Contoh Kasus Penipuan Phishing:
Terdapat sebuah kasus yang bernama “2 Pemuda Mencuri Uang Sebesar 230 Juta Dolar Amerika Dalam Bentuk Cryptocurrency”. Dua pria bernama Malone Lam & Jeandiel Serrano ditangkap oleh agen FBI atas dugaan “crypto scam” dengan total kerugian yang mencapai lebih dari 230 juta dolar Amerika dalam satu operasi penipuan yang terorganisir. Berikut adalah alur kejadian dari operasi phishing tersebut:
1. Impersonasi sebagai Google Support: Penipuan ini melibatkan menelepon korban dengan nomor palsu menyamar sebagai dukungan Google, dan memberitahu krban bahwa akun Google telah diretas. Mereka mendapatkan akses ke email; hal ini dilakukan agar pelaku dapat mengetahui bahwa korban memiliki akun seperti Gemini sebagai platform crypto, dan informasi lebih relevan yang dapat menjadi landasan untuk aksi penipuan selanjutnya untuk memancing informasi pribadi korban.

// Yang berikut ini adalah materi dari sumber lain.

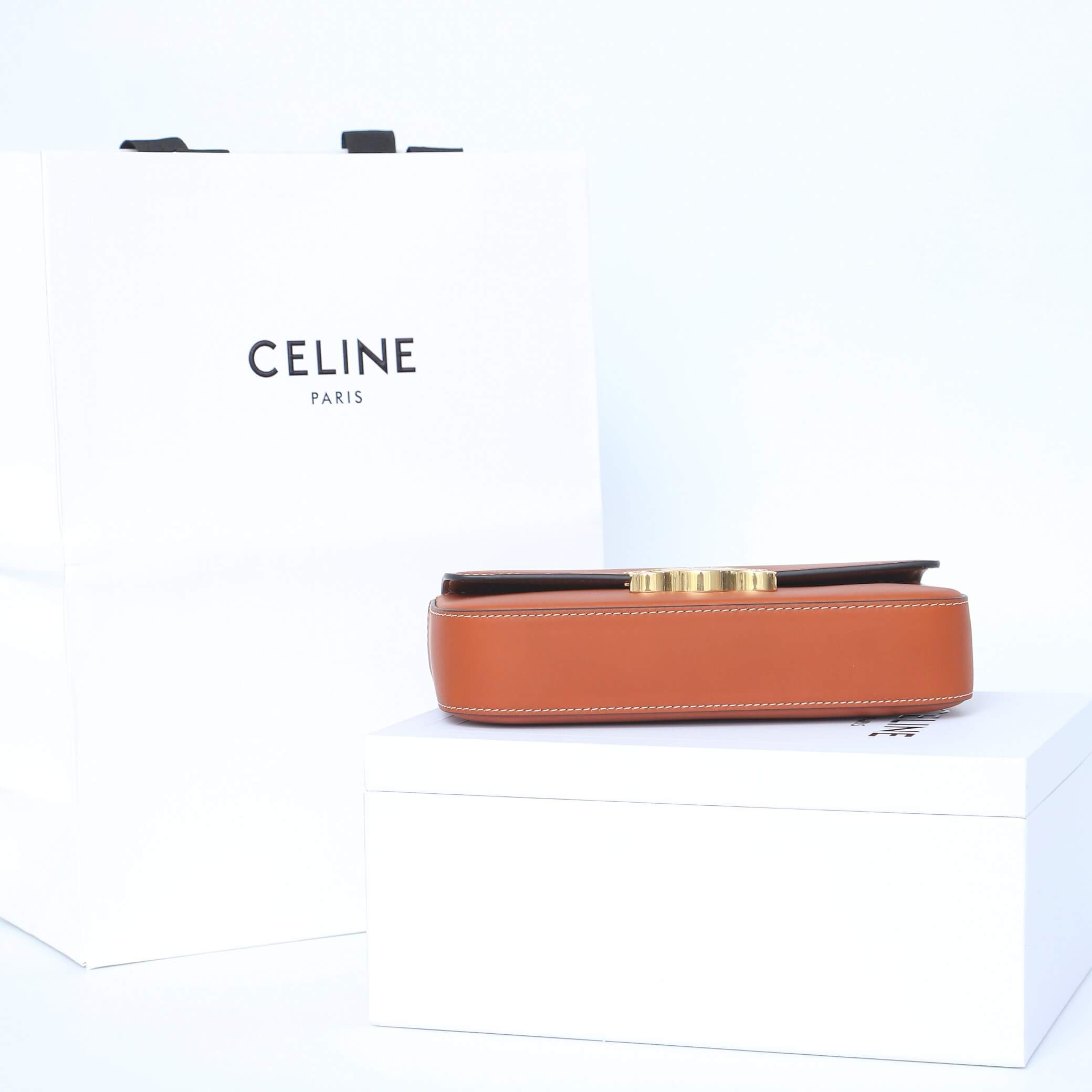 CELINE CLAUDE shiny cowhide leather chain shoulder bag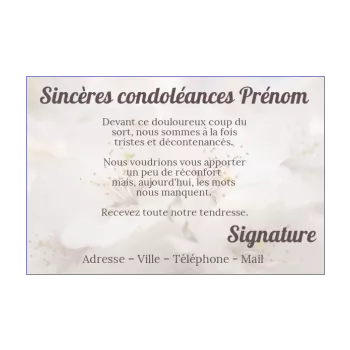 carte condoleances fleur orange 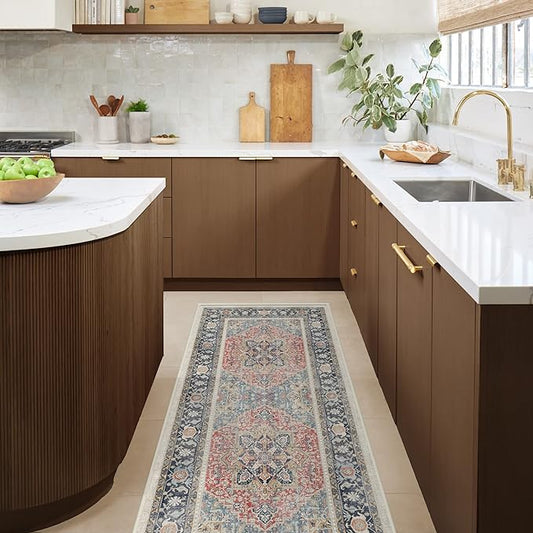 Ruggable Washable 2x10 Runner Rug, Kamran Cayenne Red, Premium Vintage Rugs for Hallway, Kitchen, Entryway, Living Room, Bedroom, Office with Gripper Non Slip Pad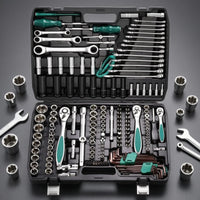 175 Pieces Chrome Vanadium Steel Automotive Socket Tool Kit 72-Tooth Mechanic Socket Set Molded Compartments Ratchet Wrench Set Hard Case for Mechanics, Auto Repair Shop, Garage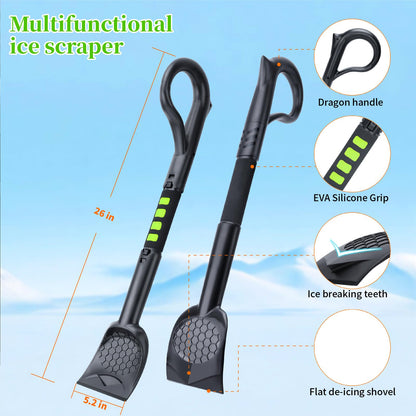 25.8'' Larger Ice Scrapers for Car Windshield | Dang Near Indestructible Ice from Scrape Frost and Ice |3-in-1 Emergency Snow Shovel | Detachable Remover with Foam Grip for Small Cars, Trucks, SUVs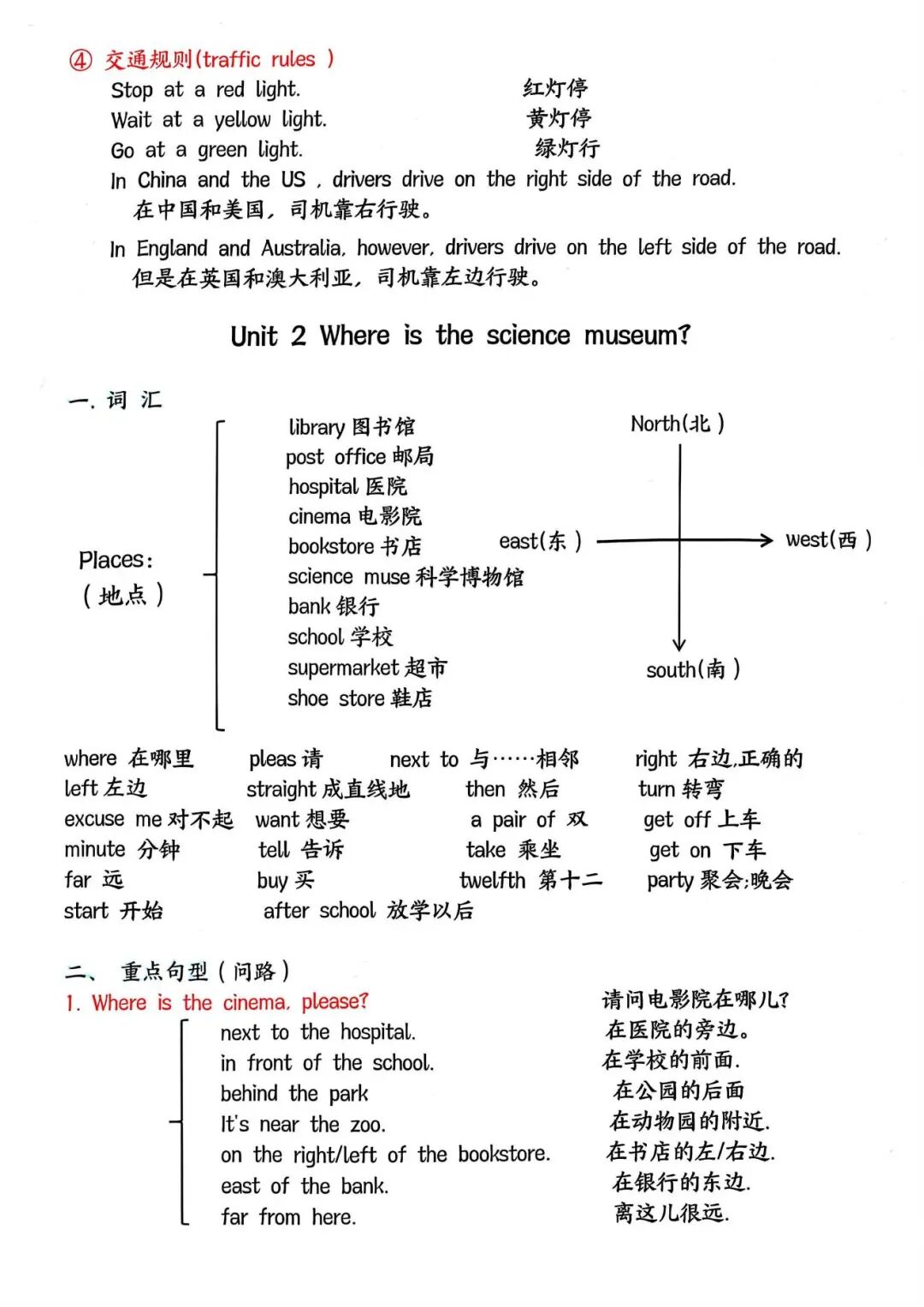 2025年六年级上册人教版英语《1-4单元必考知识点总结》（共5页），电子版可下载打印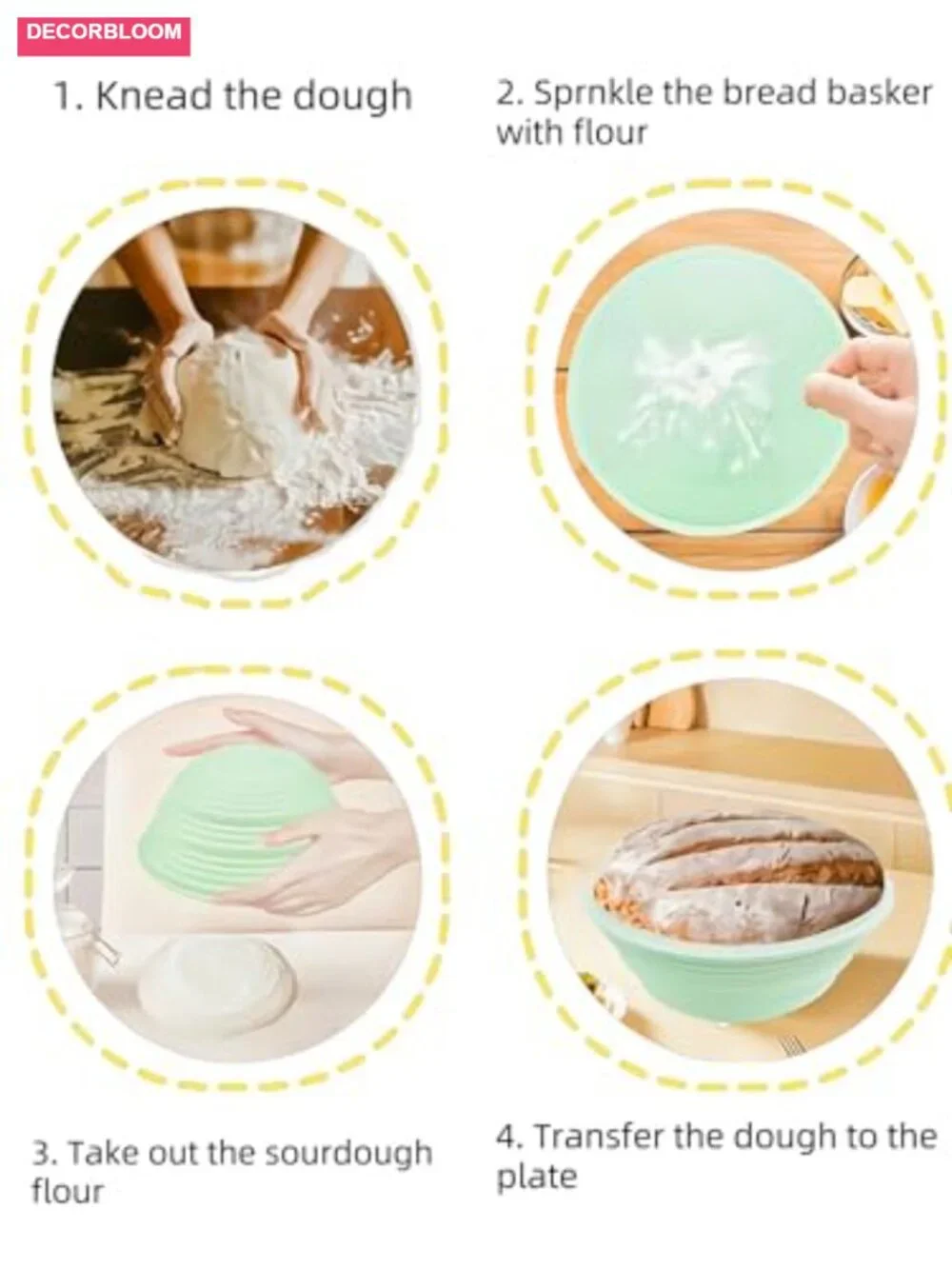 Collapsible Sourdough Bread Proofing Basket Banneton Oval Silicone Baking Tool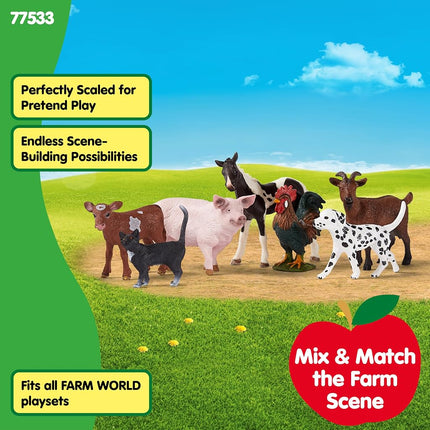 Schleich Farm World - 7Pc Farm Animal Playset for Kids Ages 3+ | 77533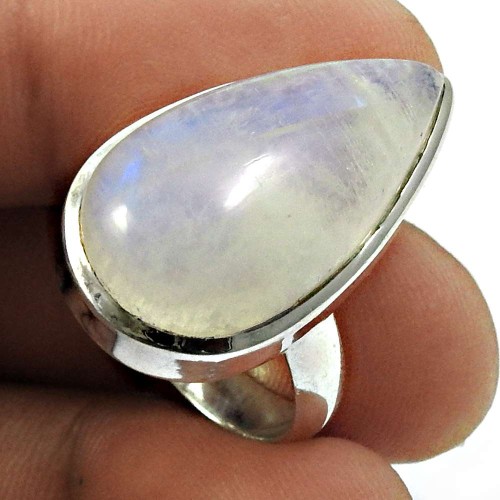 Rainbow Moonstone Gemstone Ring 925 Sterling Silver Stylish Jewelry C23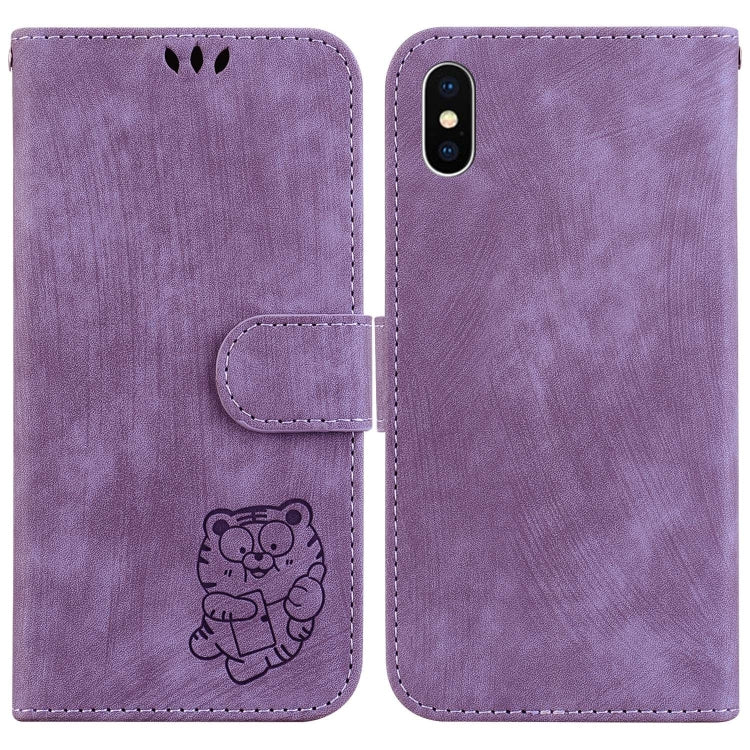 Little Tiger Embossed Leather Phone Case, For iPhone X / XS, For iPhone XR, For iPhone XS Max, For iPhone 7 Plus / 8 Plus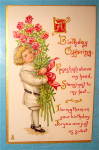 Click to view larger image of Birthday Children Postcard (Child Holding Bouquet) (Image3)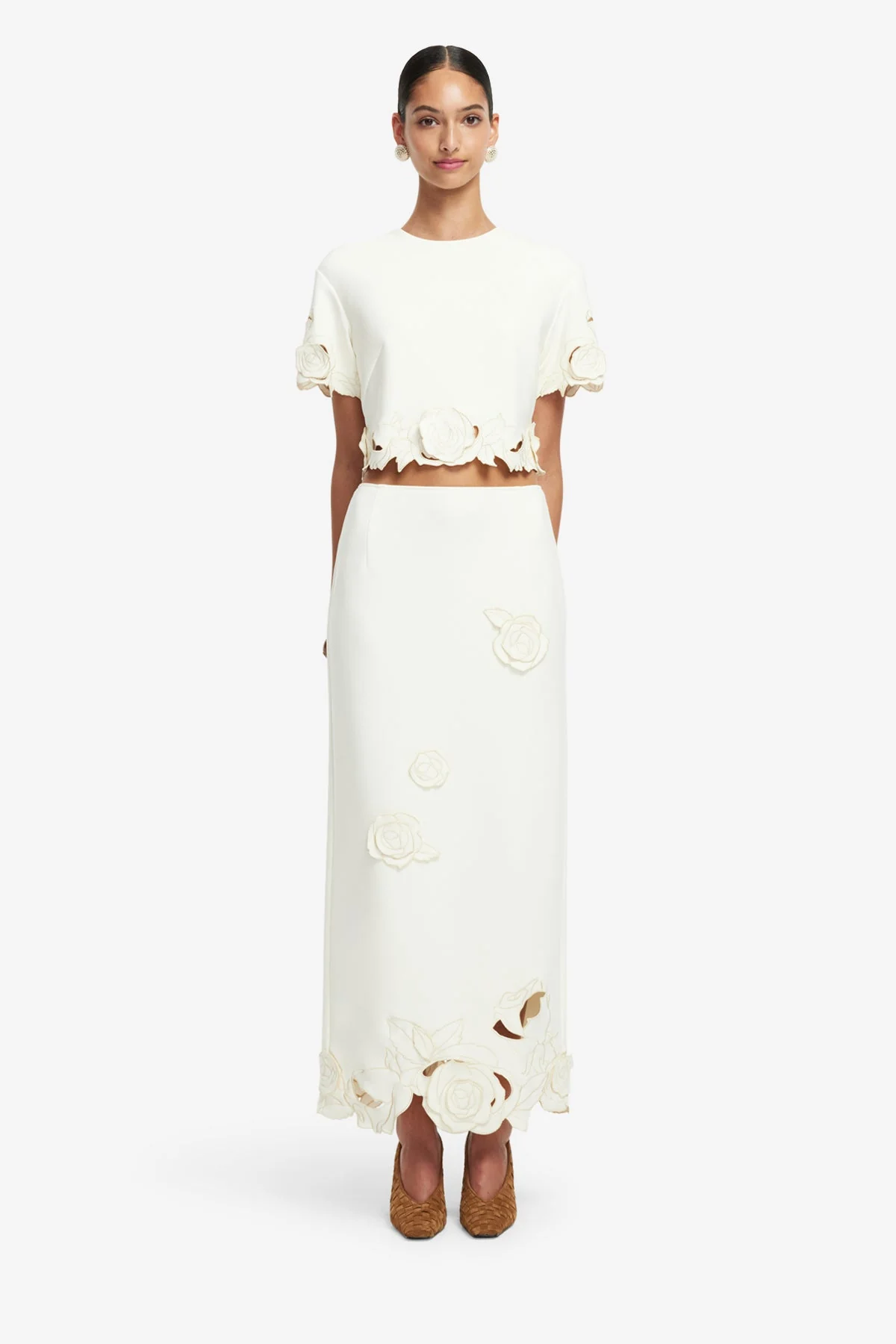 Kyra Appliqué Maxi Skirt - Vanilla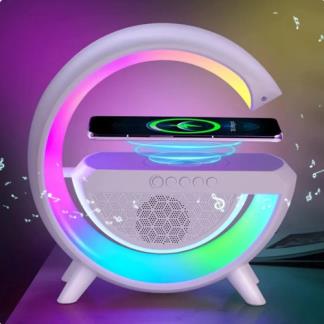  MIKADO MD-G111, 10W, USB/BT/TF, RGB IÅŸÄ±klÄ±, 1800mAh, 15W Kablosuz Åarj, Bluetooth Speaker (Beyaz) 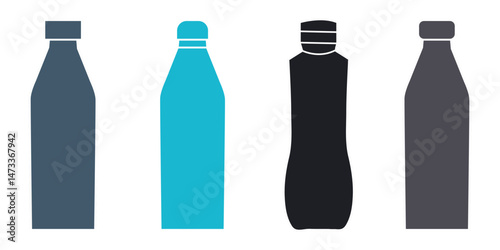 Bottle icon set. Bottle vector icon. Bottle icon with different style. Black and white color.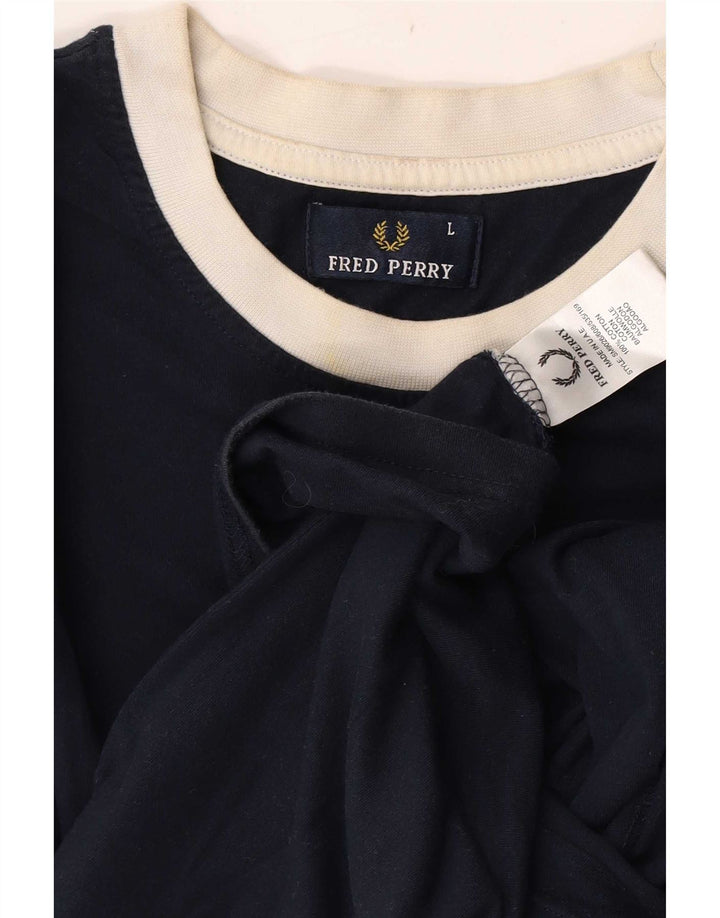 Fred Perry Herre T-shirt Top Stor marineblå bomuld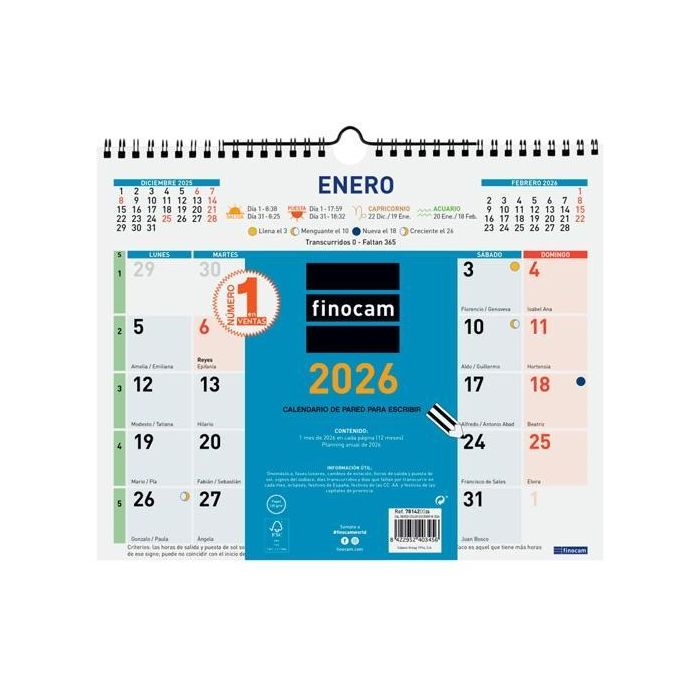 Finocam M-300x247 mm Mv Color Calendario de Pared 2026 Números Grandes, Anual, Espacio para Anotaciones, Ideal Oficina y Hogar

Impersonasi sebagai Gemini Support: untuk menambah kredibilitas risiko peretasan, mereka menyamar menjadi dukungan Gemini, sehingga menimbulkan rasa takut pada korban terhadap aset kripto miliknya. Hal ini menambah lapisan legitimasi terhadap ancaman peretasan, meyakinkan korban bahwa ada risiko kehilangan segalanya cryptocurrency adalah nyata dan akan segera terjadi. Akibatnya, korban mengubah verifikasi 2FA dan mengirim dana ke dompet yang disusupi.
3. Berbagi Layar: Penipu meyakinkan korban untuk berbagi layar di AnyDesk,
dan mereka melihat kunci pribadi dompet dari korban.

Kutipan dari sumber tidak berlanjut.